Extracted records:
•••
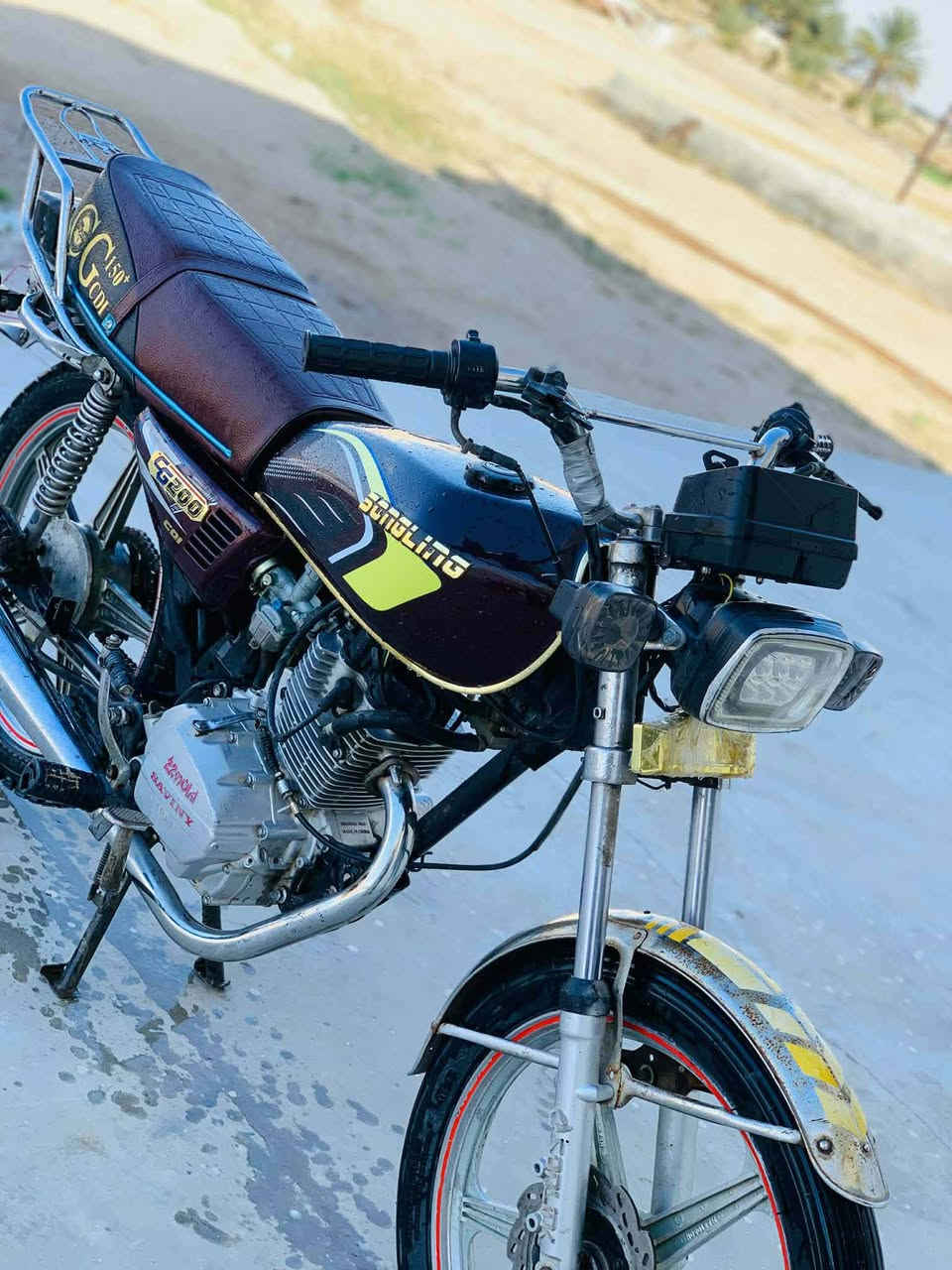 سلام عليكم دراجة سيفان موديل 19 دراجة حلوه وكامله  محرك خير من الله بدون اوراق كفاله من سرقه سعر 325 بيه مجال للشراي شراي تعال وتدلل لاتصال ع رقم ***********
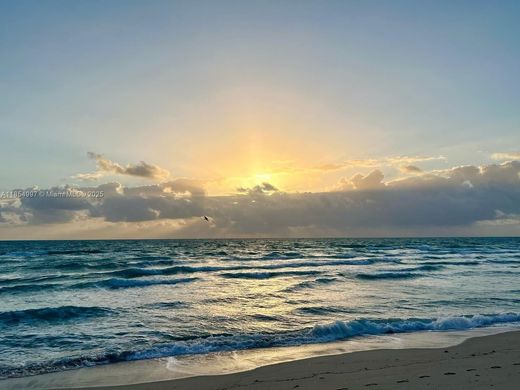 Residential complexes in Miami Beach, Miami-Dade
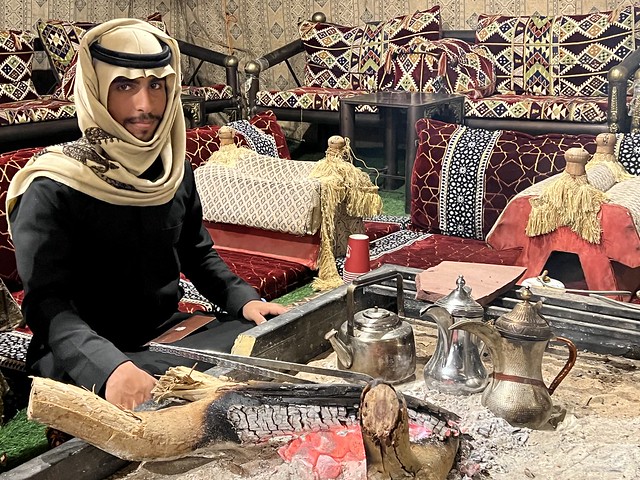 Hombre saudita en Al Ula (Arabia Saudí)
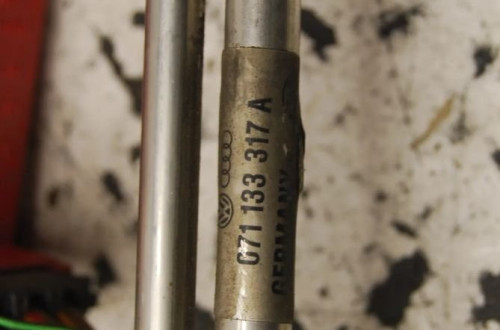 LISTWA WTRYSKOWA 071133317A 2.3 AGZ VW BORA GOLF IV SEAT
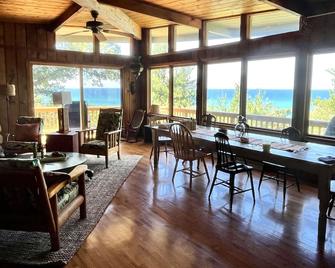 Totally secluded, private Lake Michigan Waterfront Cottage on 7 acres - Pentwater - Restaurante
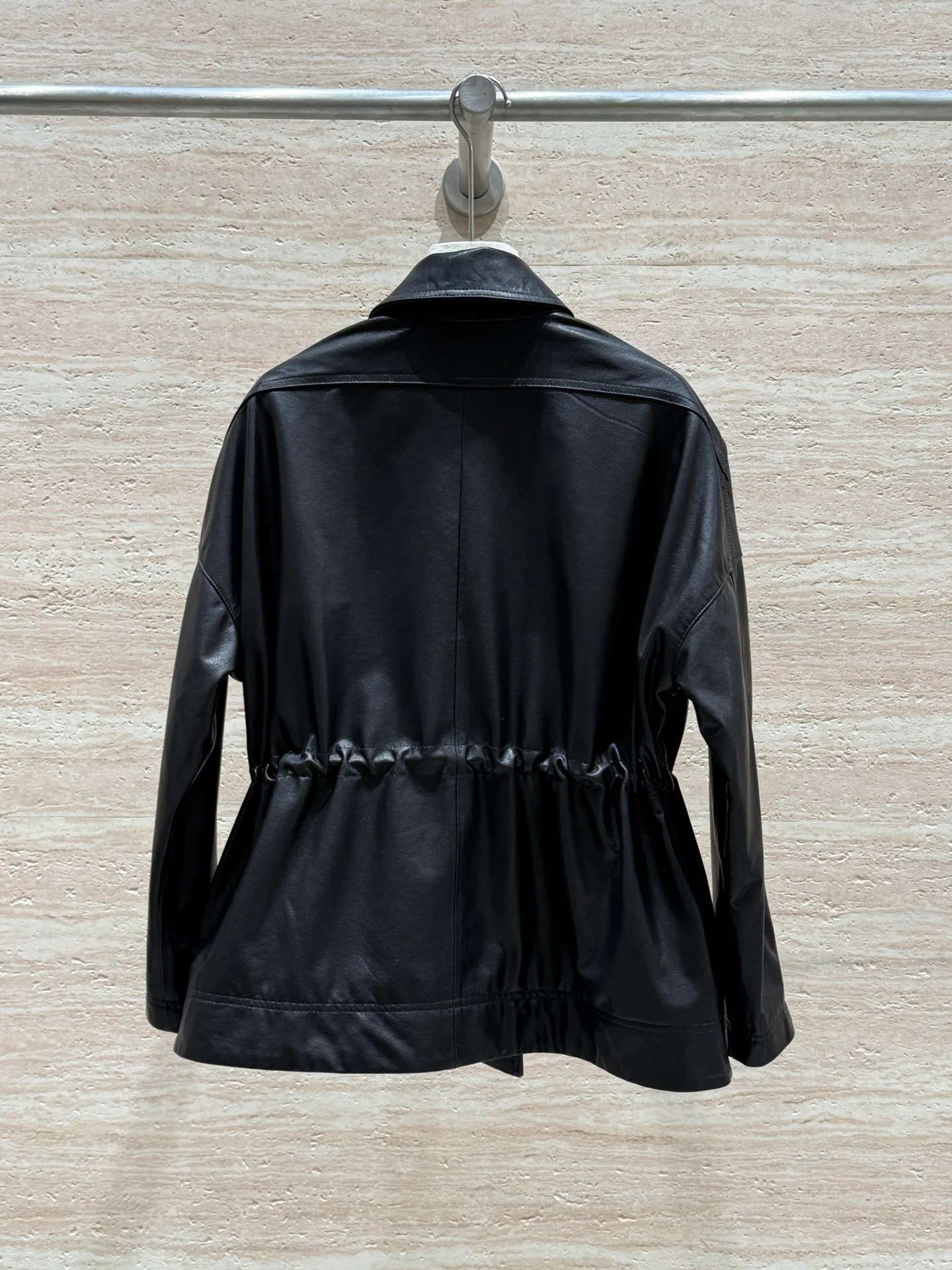 Кожаные Куртки И Дублёнки Женские Chanel 11695409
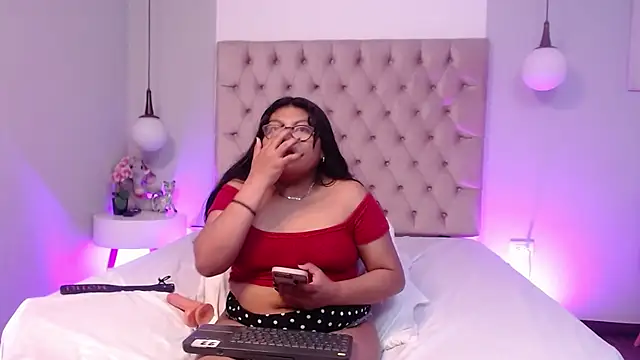 Kiri_Black_'s cam snapshot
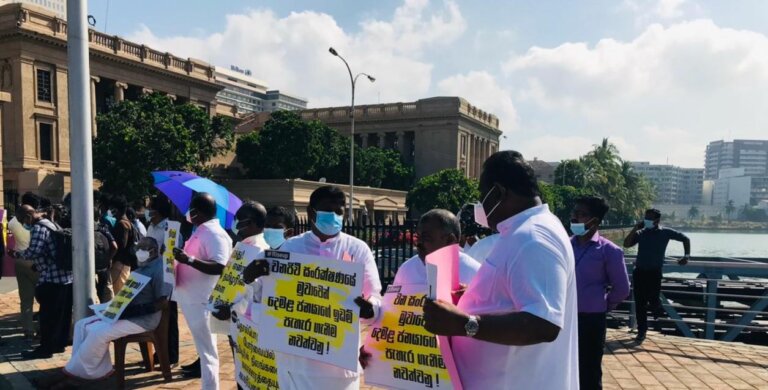 අගමැතිව මඟහැර නොකියාම ජනපති කාර්යාලයට ගිය TNA මන්ත්රීලා කුමන්ත්රණයක! අගමැතිව මඟහැර නොකියාම ජනපති කාර්යාලයට ගිය TNA මන්ත්රීලා කුමන්ත්රණයක!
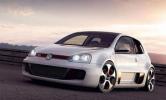 VW Golf оснастили 12-цилиндровым мотором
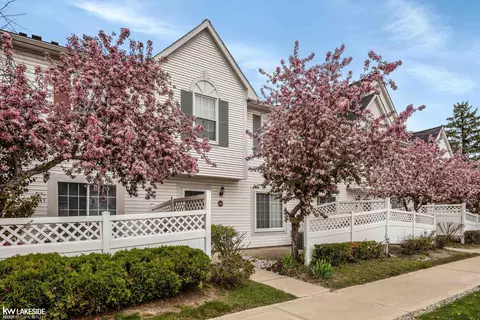 22241 Atlantic, Farmington Hills, MI 48336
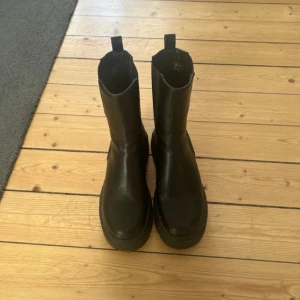 Kängor/boots - Ifrån XIT, knappt använda så fint skick!! 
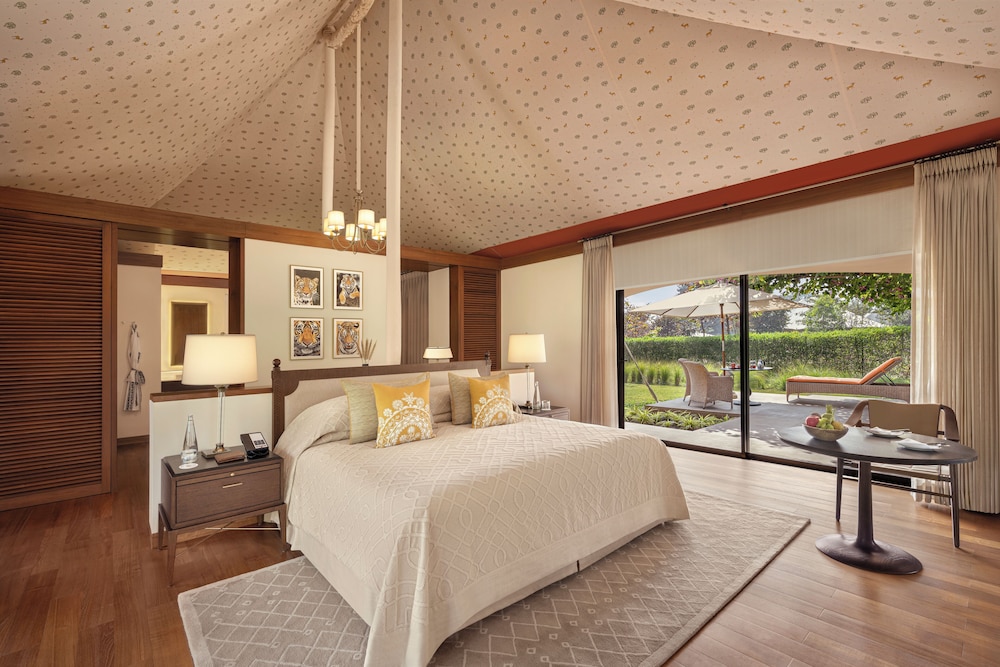 Luxury Room, 1 King Bed (Luxury Tent)
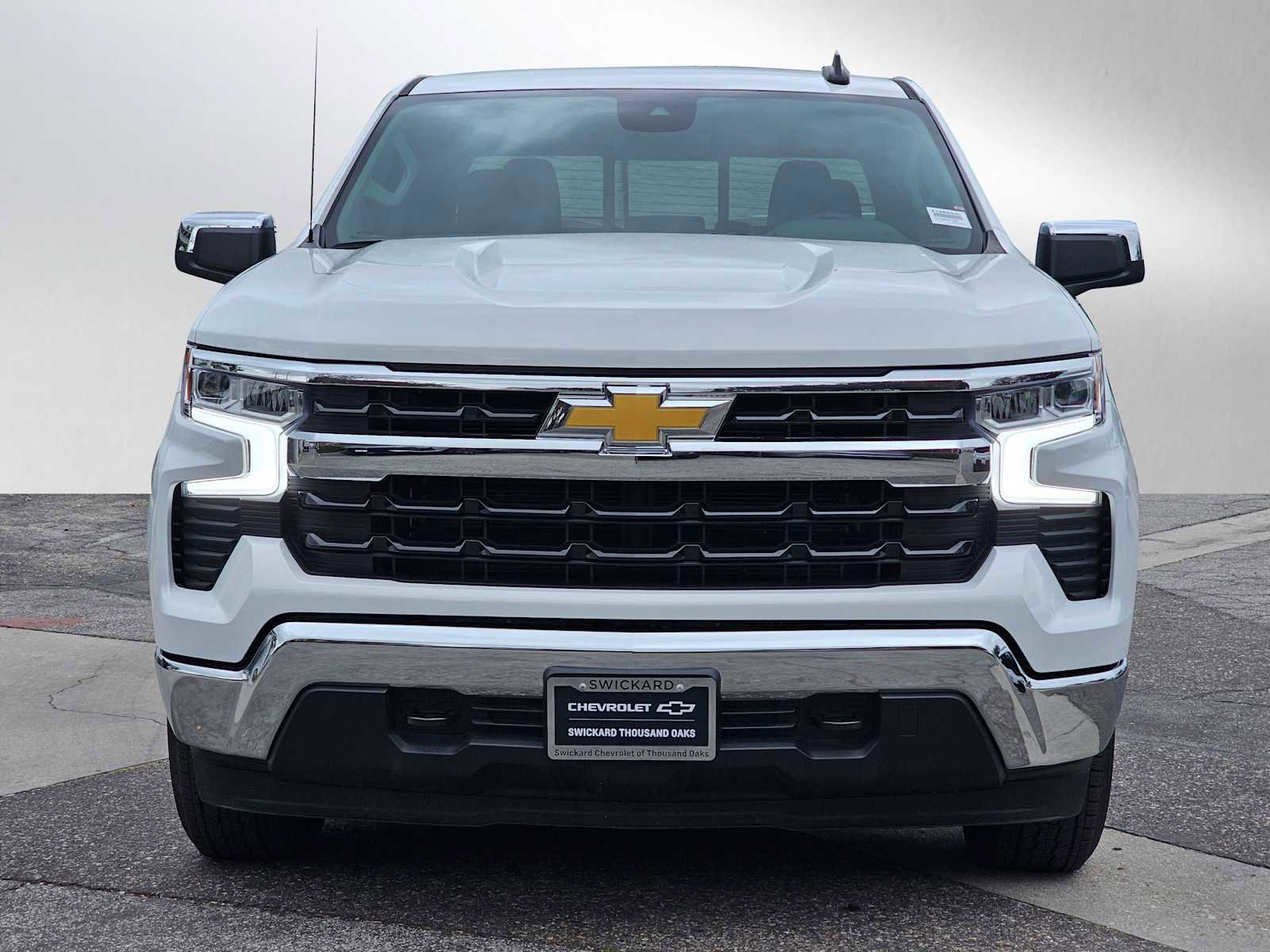 Used 2025 Chevrolet Silverado 1500 LT w/ Convenience Package II image 8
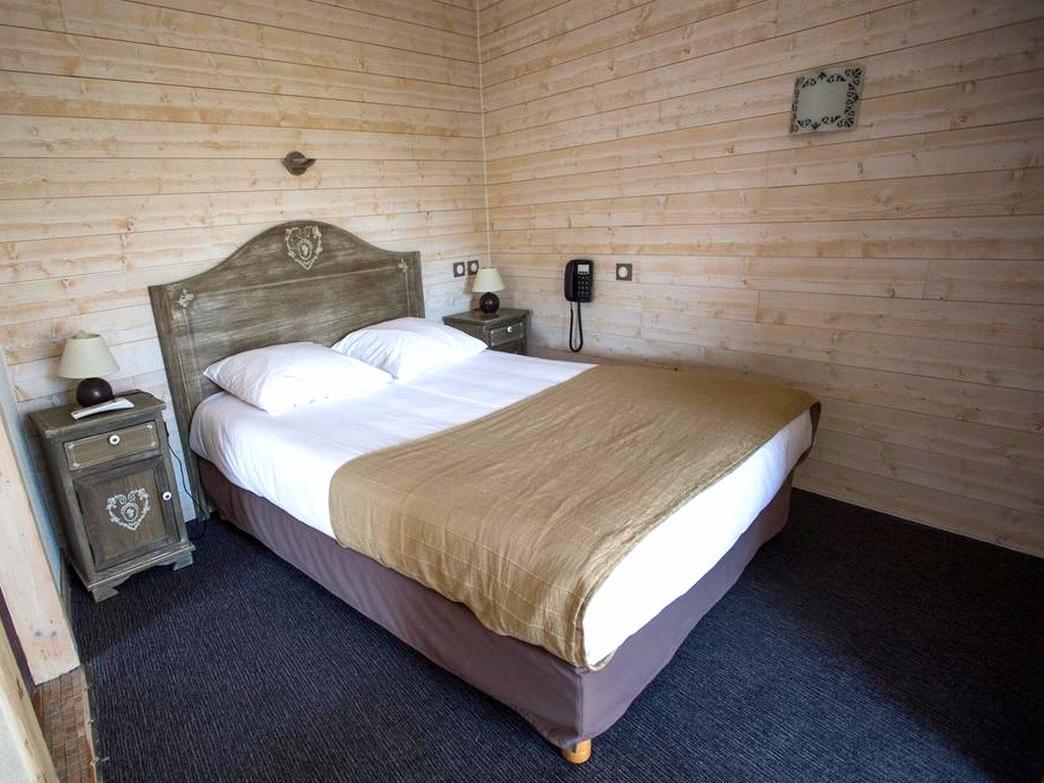 Logis Hotel Du Terreau Маноск Экстерьер фото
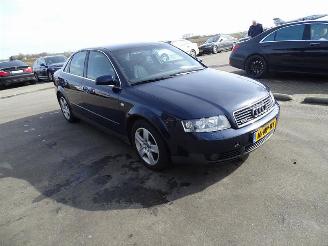 Audi A4 Quattro 3.0 V6 picture 4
•••
| Problem description |
Once the line holding "Logis Hotel Du Terreau Маноск Экстерьер фото" is found, copy it and each later line exactly through the end of the data, leaving out the pictures.

| Result |
 Logis Hotel Du Terreau Маноск Экстерьер фото
 Audi A4 Quattro 3.0 V6 picture 4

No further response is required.